── SOURCE DATA

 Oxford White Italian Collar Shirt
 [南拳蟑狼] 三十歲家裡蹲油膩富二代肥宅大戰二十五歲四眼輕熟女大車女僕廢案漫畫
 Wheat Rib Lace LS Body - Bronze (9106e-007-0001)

────
── SOURCE DATA

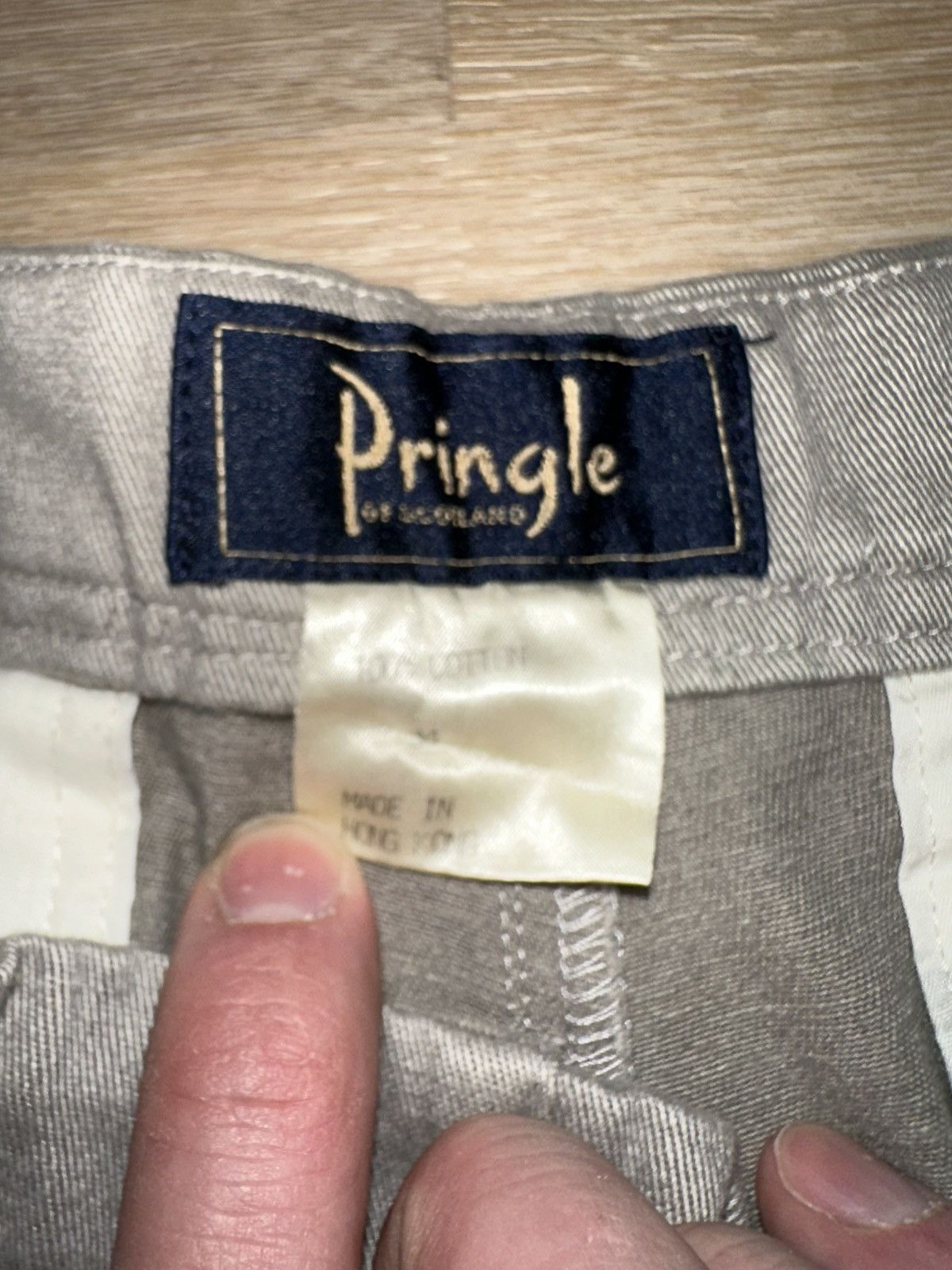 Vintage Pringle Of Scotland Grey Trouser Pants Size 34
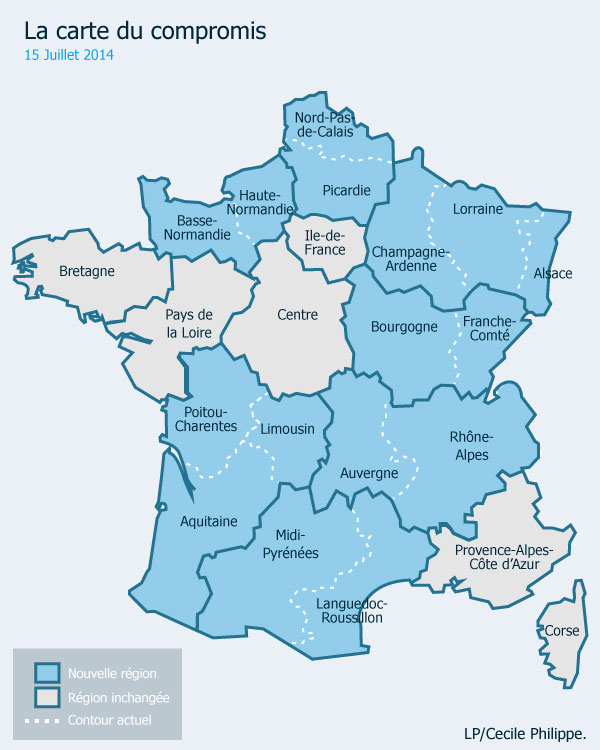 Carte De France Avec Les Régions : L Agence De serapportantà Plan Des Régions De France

────
── SOURCE DATA

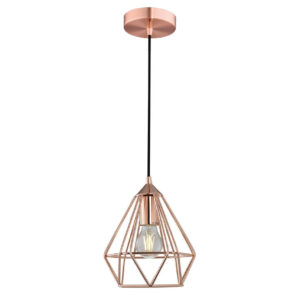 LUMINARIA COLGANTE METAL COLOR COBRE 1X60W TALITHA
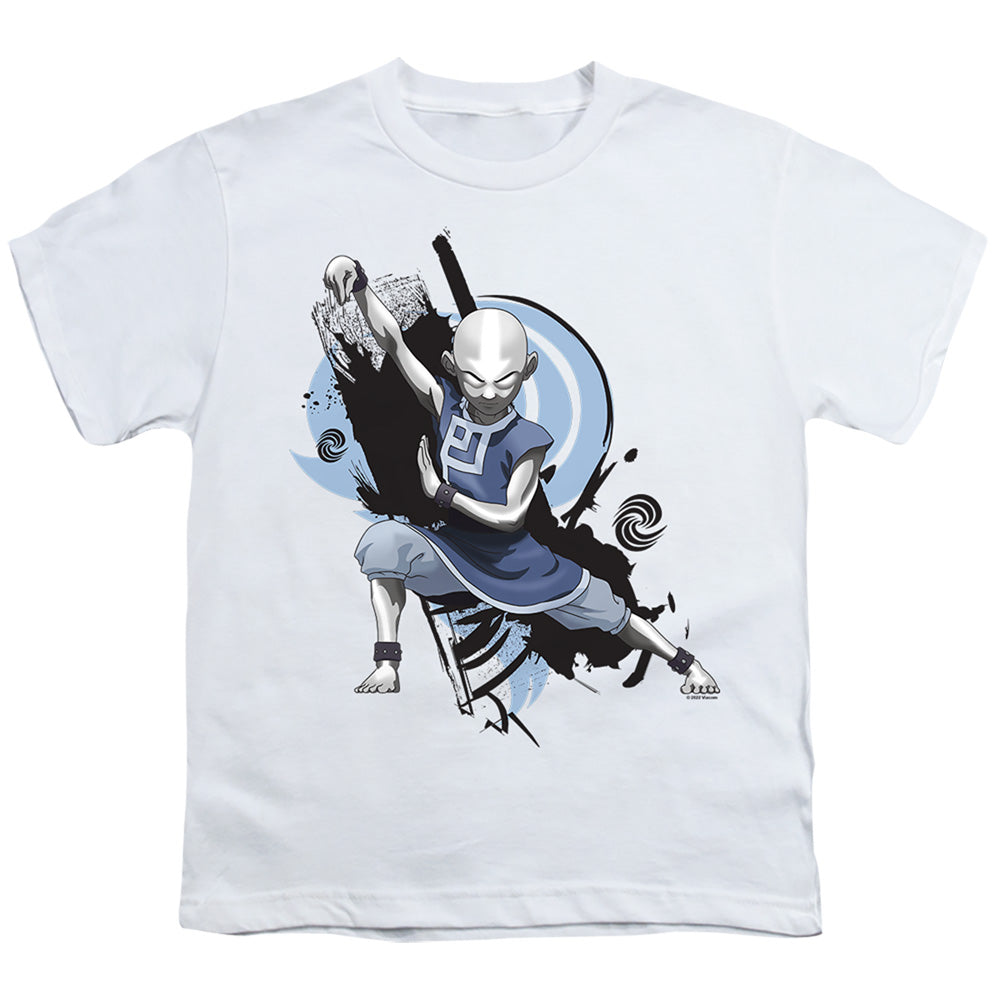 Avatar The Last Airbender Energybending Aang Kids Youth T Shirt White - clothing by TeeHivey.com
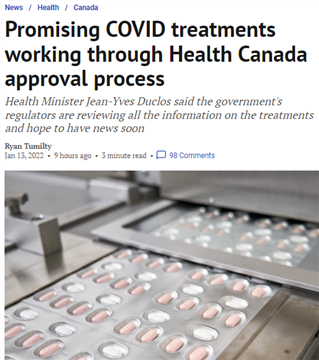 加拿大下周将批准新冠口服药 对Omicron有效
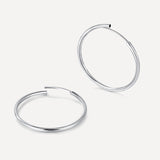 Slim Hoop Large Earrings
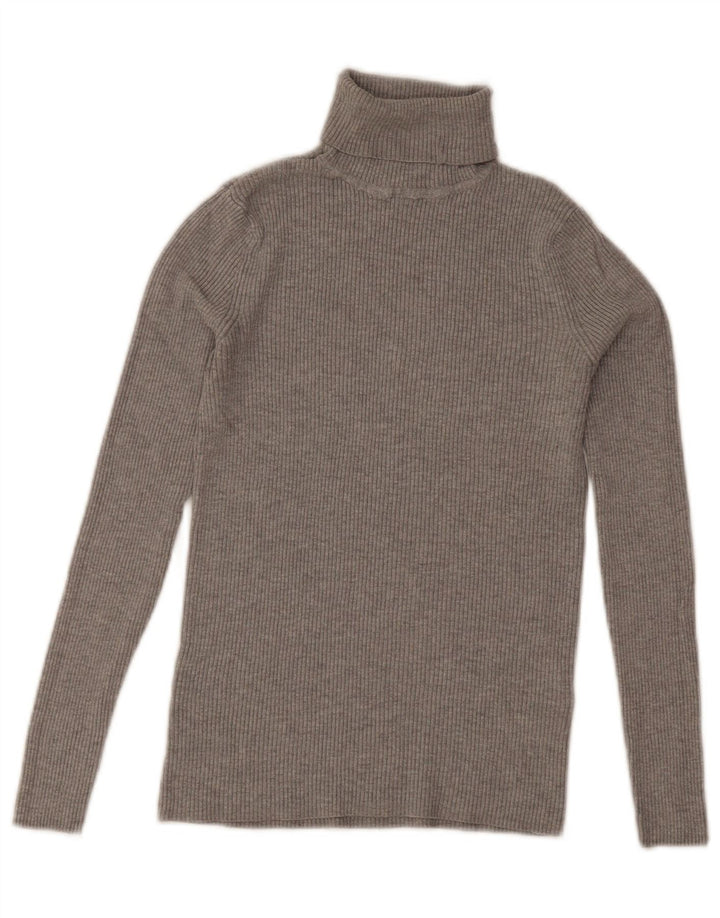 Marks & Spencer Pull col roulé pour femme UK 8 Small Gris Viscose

────

The answer is the lines of the material above, from the one containing "Vintage Pringle Of" down to the one containing "Carte De France", given exactly and without images.

 Vintage Pringle Of Scotland Grey Trouser Pants Size 34
 Carte De France Avec Les Régions : L Agence De serapportantà Plan Des Régions De France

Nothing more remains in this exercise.